Source material ▸
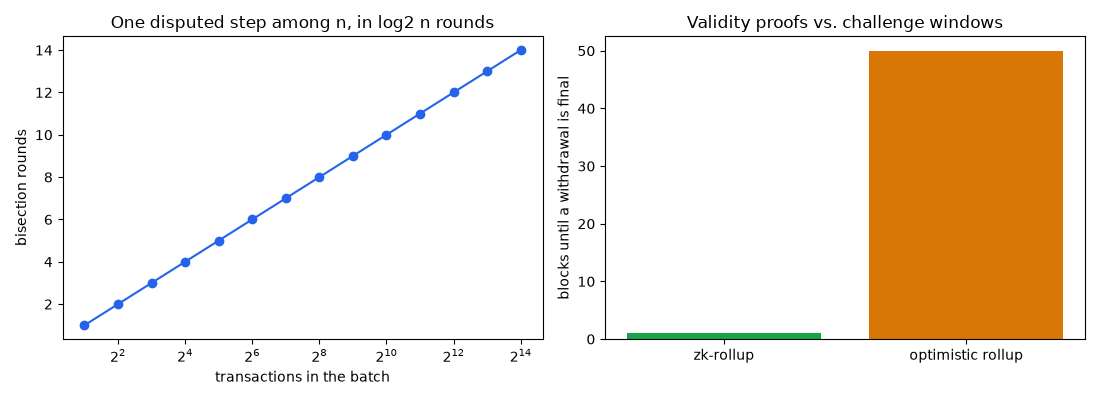 One disputed step among n, in log2 n rounds, Validity proofs vs. challenge windows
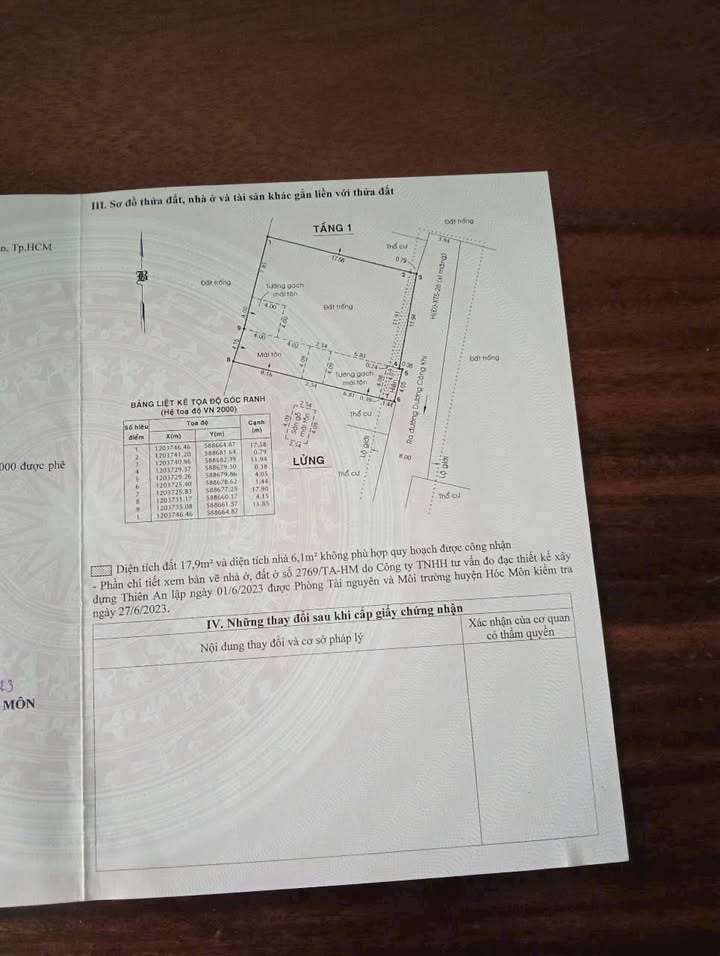 Lô đất Xuân Thới Sơn 450m² giá 5.4 tỷ - Pháp lý rõ ràng, tách được 3 lô!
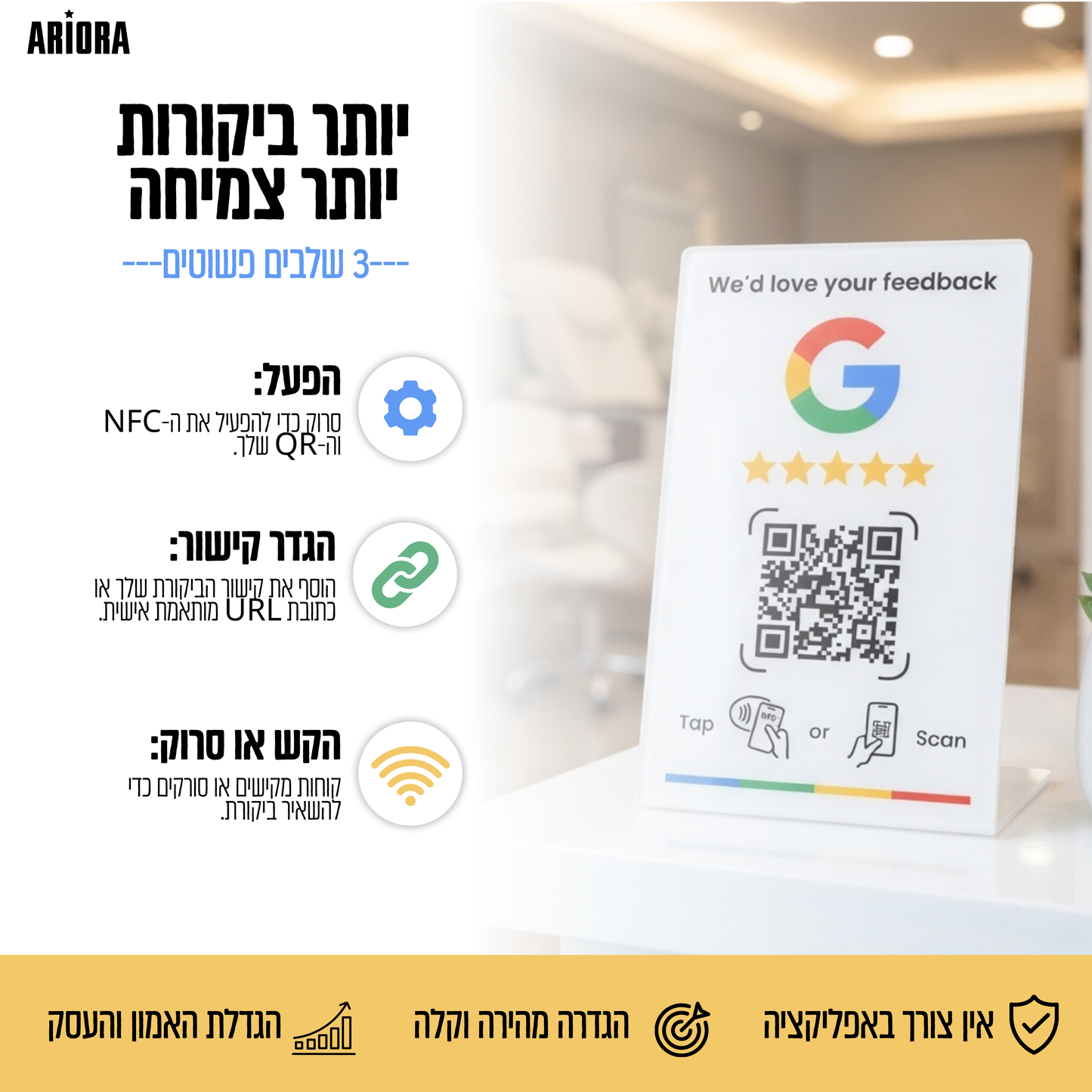 המעמד הדיגיטלי החכם של Ariora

Problem statement ▸
Output a verbatim copy of the lines from the line containing "Lô đất Xuân" through the end of the data, both included, without any images.

Written response ▸
 Lô đất Xuân Thới Sơn 450m² giá 5.4 tỷ - Pháp lý rõ ràng, tách được 3 lô!
 המעמד הדיגיטלי החכם של Ariora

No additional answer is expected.